Enfin, le Conseil d’État rejette le moyen soulevé selon lequel le taux d’imposition appliqué à cette filiale est plus élevé que celui auquel serait soumise cette société mère française en jugeant que la méthode de calcul de l’assiette de la retenue à la source (calcul dit « en dedans ») n’a ni pour objet ni pour effet d’appliquer à cette assiette reconstituée (l’« assiette brute ») un taux supérieur à celui prévu à l’article 187 du CGI (soit 30 % à l’époque des faits), lequel est, au demeurant, inférieur au taux de l’impôt sur les sociétés qui aurait été appliqué, l’année de l’imposition en litige (soit 33, 1/3 % à l’époque des faits), à une société mère française ne bénéficiant pas du régime mère-fille, à raison de la perception d’un même montant brut de dividendes.

Sur l’application de la convention fiscale conclue entre la France et l’État de résidence du bénéficiaire effectif

Sur le terrain conventionnel, le Conseil d’État juge que l’absence de clause réservant le bénéfice de l’avantage conventionnel au bénéficiaire effectif du revenu ne fait pas obstacle à ce que l’administration fiscale puisse refuser cet avantage conventionnel au récipiendaire de ce revenu qui n’en serait que le bénéficiaire apparent (au moins dans une situation telle qu’en l’espèce où la convention a été signée avant l’introduction de cette disposition dans le Modèle OCDE – Voir notamment, en ce sens, CE Avis, 31 mars 2009, Section des finances, n° 382545).

Ainsi, il juge que lorsqu’il apparaît que le récipiendaire d’un dividende versé depuis la France ne peut être regardé comme son bénéficiaire effectif et qu’il ne saurait ainsi être fait application à ce revenu de la convention d’élimination des doubles impositions conclue avec son État de résidence, l’administration comme le contribuable peuvent appliquer la convention fiscale conclue avec l’État de résidence du ou des bénéficiaires effectifs des sommes en cause, et ce, quand bien même ils auraient été versés à un intermédiaire établi dans un État tiers.

Cette solution avait déjà été admise en 2022 par le Conseil d’État s’agissant de redevances (CE, 20 mai 2022, n° 444451, Sté Planet), mais dans une hypothèse dans laquelle c’est l’administration qui se prévalait de l’application de la convention conclue avec l’État de résidence du bénéficiaire effectif d’une redevance versée depuis la France.
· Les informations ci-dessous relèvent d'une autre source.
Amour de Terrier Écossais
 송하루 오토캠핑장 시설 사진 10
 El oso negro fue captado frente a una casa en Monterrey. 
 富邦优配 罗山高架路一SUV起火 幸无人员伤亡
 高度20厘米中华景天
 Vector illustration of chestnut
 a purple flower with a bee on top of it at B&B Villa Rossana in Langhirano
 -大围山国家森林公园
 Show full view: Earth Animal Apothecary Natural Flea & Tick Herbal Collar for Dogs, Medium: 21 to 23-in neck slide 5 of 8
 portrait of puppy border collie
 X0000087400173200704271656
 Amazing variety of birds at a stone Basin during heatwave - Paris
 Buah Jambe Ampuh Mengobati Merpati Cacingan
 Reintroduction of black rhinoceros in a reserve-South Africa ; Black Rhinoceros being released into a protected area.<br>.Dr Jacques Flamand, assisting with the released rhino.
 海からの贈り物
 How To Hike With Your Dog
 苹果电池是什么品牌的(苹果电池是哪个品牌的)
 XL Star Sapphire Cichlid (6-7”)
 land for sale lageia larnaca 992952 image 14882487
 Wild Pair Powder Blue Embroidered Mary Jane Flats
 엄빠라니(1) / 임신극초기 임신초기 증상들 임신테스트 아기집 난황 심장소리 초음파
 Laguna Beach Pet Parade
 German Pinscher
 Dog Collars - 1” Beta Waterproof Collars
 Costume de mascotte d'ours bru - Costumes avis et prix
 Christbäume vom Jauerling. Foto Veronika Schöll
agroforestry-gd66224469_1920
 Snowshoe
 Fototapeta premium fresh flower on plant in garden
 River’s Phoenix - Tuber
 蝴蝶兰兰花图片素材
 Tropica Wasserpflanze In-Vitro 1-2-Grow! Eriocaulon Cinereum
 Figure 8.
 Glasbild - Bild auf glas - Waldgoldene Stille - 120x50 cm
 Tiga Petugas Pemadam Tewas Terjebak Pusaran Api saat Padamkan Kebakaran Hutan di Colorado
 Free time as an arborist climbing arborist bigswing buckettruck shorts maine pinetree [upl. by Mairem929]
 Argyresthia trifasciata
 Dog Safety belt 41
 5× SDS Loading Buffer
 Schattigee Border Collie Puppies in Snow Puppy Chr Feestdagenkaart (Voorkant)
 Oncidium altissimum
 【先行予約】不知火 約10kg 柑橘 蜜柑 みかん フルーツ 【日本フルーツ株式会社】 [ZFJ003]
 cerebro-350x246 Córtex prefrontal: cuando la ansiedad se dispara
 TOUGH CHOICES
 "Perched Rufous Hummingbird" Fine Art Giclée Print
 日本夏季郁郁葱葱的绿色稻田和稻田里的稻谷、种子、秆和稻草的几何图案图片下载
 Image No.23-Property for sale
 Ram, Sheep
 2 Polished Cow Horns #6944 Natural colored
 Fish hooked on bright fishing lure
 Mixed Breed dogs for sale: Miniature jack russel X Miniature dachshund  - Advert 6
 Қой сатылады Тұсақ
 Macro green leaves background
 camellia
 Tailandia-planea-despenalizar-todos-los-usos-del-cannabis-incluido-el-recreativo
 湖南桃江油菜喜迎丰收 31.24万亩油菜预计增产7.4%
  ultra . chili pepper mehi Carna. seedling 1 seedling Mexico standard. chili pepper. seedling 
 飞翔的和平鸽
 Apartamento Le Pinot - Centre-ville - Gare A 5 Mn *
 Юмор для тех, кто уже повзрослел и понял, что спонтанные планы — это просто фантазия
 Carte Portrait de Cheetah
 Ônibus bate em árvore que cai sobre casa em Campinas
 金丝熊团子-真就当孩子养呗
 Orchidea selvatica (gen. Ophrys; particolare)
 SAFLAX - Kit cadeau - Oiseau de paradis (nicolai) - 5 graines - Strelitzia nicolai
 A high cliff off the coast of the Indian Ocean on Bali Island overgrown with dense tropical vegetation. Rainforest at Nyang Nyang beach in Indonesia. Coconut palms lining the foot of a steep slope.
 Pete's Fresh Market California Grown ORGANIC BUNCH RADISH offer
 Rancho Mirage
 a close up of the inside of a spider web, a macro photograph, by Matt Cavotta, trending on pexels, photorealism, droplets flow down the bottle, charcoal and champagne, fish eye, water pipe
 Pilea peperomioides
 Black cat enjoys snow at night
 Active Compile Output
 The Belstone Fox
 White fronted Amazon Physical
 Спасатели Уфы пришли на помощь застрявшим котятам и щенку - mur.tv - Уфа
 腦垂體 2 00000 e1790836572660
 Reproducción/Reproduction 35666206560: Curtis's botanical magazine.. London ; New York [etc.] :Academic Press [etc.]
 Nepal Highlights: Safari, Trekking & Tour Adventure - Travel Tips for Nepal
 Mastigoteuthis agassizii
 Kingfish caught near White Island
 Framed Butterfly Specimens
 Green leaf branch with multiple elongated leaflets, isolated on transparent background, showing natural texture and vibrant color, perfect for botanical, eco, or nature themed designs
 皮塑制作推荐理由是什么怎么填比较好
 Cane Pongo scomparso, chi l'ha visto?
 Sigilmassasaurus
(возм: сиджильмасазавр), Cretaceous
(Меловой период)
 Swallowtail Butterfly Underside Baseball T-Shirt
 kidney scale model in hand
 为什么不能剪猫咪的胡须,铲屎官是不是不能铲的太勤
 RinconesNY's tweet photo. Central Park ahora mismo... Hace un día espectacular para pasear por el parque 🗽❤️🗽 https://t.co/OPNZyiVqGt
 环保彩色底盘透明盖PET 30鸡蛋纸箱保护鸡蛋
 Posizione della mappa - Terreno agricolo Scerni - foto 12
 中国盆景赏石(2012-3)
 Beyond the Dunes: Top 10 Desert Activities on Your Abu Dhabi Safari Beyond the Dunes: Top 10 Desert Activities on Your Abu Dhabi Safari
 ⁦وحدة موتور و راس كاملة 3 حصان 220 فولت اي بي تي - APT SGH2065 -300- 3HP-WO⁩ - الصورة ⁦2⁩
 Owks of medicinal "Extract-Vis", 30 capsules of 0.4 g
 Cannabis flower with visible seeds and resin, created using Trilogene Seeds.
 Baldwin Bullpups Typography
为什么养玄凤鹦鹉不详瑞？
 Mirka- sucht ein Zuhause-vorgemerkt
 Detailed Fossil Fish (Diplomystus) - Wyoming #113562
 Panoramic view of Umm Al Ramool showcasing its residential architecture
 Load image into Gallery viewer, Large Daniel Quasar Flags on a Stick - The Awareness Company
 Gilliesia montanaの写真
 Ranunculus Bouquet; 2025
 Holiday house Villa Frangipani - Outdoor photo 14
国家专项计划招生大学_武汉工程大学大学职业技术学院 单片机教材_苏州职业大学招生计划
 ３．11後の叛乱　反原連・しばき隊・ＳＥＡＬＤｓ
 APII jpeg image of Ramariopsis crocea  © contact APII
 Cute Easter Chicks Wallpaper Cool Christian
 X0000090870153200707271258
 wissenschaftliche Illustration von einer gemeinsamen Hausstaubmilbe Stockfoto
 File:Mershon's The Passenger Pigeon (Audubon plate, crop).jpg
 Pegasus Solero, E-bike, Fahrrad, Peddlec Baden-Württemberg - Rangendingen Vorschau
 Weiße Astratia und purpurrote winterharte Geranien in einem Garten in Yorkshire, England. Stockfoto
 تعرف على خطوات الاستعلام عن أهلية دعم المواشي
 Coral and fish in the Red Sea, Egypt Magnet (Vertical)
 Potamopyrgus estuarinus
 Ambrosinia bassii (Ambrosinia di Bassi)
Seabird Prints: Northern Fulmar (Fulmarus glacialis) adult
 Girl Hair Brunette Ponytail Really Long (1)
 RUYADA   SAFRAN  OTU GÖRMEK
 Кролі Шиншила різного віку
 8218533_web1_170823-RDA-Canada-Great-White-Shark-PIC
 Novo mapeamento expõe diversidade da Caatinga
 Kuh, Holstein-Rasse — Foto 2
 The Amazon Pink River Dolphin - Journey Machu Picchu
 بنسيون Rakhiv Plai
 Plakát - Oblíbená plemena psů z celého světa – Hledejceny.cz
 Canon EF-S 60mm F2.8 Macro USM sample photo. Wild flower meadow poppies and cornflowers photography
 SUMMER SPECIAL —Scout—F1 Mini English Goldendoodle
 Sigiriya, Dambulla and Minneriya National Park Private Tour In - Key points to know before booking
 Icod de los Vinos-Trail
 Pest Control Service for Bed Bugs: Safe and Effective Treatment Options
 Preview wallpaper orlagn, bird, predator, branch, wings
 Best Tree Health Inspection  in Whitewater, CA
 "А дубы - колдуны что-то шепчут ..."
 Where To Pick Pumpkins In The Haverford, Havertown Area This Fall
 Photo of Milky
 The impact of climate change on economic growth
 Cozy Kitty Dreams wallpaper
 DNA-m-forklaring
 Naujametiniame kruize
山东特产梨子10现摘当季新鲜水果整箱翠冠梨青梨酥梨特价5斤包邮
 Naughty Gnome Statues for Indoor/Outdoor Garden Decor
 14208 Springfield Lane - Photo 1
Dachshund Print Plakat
Le Conseil d’État étend ici donc, implicitement, au contribuable la possibilité d’invoquer la convention conclue avec l’État de résidence du bénéficiaire effectif, et ce dans le cas d’une distribution de dividendes, cette possibilité étant toutefois conditionnée à la nécessité pour le contribuable de prouver la résidence fiscale du bénéficiaire effectif du revenu en cause.

En l’espèce, si le Conseil d’État reconnait que la qualité de bénéficiaire effectif de la société Dewnos Investment pour la fraction des dividendes conservés et de M. A, demeurant en Allemagne et bénéficiaire effectif d’une partie des dividendes en application du contrat de fiducie conclu avec Dewnos Investment ressort des pièces du dossier soumis à la Cour administrative d’appel, il refuse l’application des avantages de la convention prévue entre la France et l’État de résidence du bénéficiaire effectif au revenu litigieux sur le terrain de la preuve de la résidence fiscale.